*Activity:* When you reach the line containing "Final project - student" in the data below, begin returning lines exactly as written, and stop once the line containing "Natural Colorful Fluorite Raw Stone" has been returned.
::::::
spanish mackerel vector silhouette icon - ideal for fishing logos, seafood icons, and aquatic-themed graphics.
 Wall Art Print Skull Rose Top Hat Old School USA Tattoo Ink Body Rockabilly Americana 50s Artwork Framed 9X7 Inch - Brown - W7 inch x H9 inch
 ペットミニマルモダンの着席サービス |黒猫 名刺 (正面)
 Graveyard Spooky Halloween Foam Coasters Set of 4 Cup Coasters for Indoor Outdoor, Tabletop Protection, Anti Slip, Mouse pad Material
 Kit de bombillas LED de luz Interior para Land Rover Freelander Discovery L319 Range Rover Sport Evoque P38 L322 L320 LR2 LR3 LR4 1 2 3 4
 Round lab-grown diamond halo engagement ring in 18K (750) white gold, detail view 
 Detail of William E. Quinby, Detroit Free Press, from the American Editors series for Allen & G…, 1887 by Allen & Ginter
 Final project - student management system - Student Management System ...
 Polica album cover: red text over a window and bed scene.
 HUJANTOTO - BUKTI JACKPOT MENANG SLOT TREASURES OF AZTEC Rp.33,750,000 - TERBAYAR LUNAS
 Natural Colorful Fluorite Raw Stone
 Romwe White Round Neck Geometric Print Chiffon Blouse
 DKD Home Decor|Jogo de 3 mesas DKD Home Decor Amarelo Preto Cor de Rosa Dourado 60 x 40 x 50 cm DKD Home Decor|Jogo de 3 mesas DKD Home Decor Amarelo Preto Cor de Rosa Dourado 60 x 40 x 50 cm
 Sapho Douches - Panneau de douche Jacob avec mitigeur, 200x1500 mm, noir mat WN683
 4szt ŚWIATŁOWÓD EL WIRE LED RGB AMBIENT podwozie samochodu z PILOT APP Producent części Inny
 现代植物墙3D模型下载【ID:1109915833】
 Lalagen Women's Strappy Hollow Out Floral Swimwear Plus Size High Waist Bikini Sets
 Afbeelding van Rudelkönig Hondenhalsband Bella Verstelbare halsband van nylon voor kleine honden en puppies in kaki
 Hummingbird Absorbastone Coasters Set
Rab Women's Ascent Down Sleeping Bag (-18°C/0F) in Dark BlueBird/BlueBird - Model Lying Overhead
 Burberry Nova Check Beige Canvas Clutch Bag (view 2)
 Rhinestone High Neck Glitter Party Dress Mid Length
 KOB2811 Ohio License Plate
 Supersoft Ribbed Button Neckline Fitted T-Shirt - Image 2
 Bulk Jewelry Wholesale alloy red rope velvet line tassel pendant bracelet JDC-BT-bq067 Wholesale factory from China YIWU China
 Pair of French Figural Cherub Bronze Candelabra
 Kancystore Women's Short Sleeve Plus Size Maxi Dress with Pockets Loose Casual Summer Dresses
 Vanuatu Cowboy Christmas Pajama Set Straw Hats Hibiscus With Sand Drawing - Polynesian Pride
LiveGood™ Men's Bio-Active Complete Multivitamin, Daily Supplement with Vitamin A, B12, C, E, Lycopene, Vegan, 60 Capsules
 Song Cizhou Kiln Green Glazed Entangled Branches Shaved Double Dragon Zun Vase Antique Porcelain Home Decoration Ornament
::::::
*Reply:*
 Final project - student management system - Student Management System ...
 Polica album cover: red text over a window and bed scene.
 HUJANTOTO - BUKTI JACKPOT MENANG SLOT TREASURES OF AZTEC Rp.33,750,000 - TERBAYAR LUNAS
 Natural Colorful Fluorite Raw Stone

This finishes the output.